Desde el Frente Amplio hubo dos reacciones a este planteo. Por un lado, el senador de la Vertiente Artiguista, Eduardo Brenta, aseguró que el MSP debe trabajar en conjunto con los gobiernos departamentales y señaló a modo de ejemplo que la Intendencia de Montevideo tiene un cuerpo inspectivo con más de 200 personas.

Pero el senador Sánchez pidió aumentar los recursos en este momento de “excepcionalidad” para el cuerpo inspectivo del Ministerio de Salud Pública y tener asignar recursos humanos.

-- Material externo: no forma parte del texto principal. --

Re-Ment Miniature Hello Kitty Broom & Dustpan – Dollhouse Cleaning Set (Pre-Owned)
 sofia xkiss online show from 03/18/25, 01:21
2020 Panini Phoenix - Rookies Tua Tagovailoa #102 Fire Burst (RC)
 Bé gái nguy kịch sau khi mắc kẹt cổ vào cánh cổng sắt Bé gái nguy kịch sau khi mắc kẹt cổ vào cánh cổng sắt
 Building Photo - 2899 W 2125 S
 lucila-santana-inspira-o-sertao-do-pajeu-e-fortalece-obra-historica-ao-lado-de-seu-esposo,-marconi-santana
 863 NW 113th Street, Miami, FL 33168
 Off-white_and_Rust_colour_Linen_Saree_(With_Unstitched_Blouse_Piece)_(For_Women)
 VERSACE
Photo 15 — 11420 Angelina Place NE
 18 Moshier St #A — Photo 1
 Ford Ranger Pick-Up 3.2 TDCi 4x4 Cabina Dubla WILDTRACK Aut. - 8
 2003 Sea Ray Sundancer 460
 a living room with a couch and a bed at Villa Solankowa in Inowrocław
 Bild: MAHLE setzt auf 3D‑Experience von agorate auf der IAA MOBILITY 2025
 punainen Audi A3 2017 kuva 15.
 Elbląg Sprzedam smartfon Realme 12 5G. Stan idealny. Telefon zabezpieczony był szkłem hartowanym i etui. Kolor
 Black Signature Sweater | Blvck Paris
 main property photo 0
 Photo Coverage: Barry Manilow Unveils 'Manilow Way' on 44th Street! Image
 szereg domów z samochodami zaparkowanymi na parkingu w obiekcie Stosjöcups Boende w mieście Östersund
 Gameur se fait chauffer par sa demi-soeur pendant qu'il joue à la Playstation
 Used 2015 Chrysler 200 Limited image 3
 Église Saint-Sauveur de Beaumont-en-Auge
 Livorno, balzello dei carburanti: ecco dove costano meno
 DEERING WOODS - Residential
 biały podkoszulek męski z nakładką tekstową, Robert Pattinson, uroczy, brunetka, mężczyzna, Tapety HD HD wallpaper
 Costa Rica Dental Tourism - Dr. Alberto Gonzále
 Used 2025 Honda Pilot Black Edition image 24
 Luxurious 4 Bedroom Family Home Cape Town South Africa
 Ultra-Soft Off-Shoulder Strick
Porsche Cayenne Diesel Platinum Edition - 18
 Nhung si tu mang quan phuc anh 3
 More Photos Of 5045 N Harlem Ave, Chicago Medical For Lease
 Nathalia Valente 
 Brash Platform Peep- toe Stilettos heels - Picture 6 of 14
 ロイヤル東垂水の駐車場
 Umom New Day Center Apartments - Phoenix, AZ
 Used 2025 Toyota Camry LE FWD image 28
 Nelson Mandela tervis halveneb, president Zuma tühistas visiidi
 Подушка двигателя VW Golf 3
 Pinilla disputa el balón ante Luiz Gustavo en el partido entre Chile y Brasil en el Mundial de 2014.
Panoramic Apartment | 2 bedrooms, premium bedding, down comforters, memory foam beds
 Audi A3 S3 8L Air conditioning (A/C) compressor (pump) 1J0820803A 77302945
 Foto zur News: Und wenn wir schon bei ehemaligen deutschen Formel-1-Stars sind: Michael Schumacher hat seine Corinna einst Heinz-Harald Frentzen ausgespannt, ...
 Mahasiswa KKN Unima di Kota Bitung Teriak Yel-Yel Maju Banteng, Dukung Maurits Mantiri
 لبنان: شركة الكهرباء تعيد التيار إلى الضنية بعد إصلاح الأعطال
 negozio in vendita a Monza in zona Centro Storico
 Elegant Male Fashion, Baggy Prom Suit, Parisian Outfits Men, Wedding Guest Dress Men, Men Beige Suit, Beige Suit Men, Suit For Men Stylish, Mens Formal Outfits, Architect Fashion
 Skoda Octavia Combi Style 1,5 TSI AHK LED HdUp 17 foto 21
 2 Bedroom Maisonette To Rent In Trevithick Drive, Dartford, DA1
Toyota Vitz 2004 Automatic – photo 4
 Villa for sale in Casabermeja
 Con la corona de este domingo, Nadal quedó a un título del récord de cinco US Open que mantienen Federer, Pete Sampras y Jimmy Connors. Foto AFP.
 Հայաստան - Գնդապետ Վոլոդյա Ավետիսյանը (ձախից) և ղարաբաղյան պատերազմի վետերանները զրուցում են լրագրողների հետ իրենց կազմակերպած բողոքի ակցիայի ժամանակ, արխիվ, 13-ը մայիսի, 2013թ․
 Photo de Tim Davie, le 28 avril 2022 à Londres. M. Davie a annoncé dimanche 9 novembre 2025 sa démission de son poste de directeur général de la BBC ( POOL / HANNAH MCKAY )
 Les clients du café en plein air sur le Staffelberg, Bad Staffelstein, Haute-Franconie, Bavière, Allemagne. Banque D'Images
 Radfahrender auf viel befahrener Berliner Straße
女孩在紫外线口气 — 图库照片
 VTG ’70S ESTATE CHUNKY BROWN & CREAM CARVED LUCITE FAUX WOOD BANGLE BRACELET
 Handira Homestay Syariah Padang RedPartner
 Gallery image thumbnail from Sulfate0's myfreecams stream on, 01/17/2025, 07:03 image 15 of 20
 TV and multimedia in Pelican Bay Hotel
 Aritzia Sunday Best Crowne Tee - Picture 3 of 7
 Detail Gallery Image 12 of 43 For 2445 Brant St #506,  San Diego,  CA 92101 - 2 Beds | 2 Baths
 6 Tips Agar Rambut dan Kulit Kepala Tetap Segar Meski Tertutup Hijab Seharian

El senador de Cabildo Abierto, Guido Manini Ríos, aseguró que esta diferencia se da porque en la oposición “subyace una desconfianza” a la policía. “Aquí se presentan dos proyectos, en el fondo se difiere en qué ministerio va a ser el protagonista. El MSP tiene serias limitaciones para hacer de esa policía sanitaria. Creemos que ese es el fondo de la diferencia más allá de algún otra pequeño diferendo y nosotros creemos sinceramente que en el fondo subyace una desconfianza al instituto policial”, dijo.

El ministro del Interior, por su parte, reafirmó este viernes el rol de la policía en el “control” de la salud y aseguró que se trata de una ley de “protección para todos los uruguayos en una circunstancia excepcional”.

Otra de las diferencias en el debate estuvo vinculada al cierre de fronteras. Desde el Frente Amplio aseguraron que es inconstitucional. El texto del Poder Ejecutivo estableció que las fronteras quedarán cerradas excepto para los transportistas de carga y para aquellos que al 16 de diciembre ya tenían el pasaje comprado y los permisos correspondientes tramitados. 

Desde ambas bancadas se plantearon la necesidad de votar un texto de consenso para enviar una señal a la población. Sin embargo, los senadores no se pusieron de acuerdo y el texto del gobierno fue votado solo con los votos del oficialismo y el del Frente Amplio fue rechazado.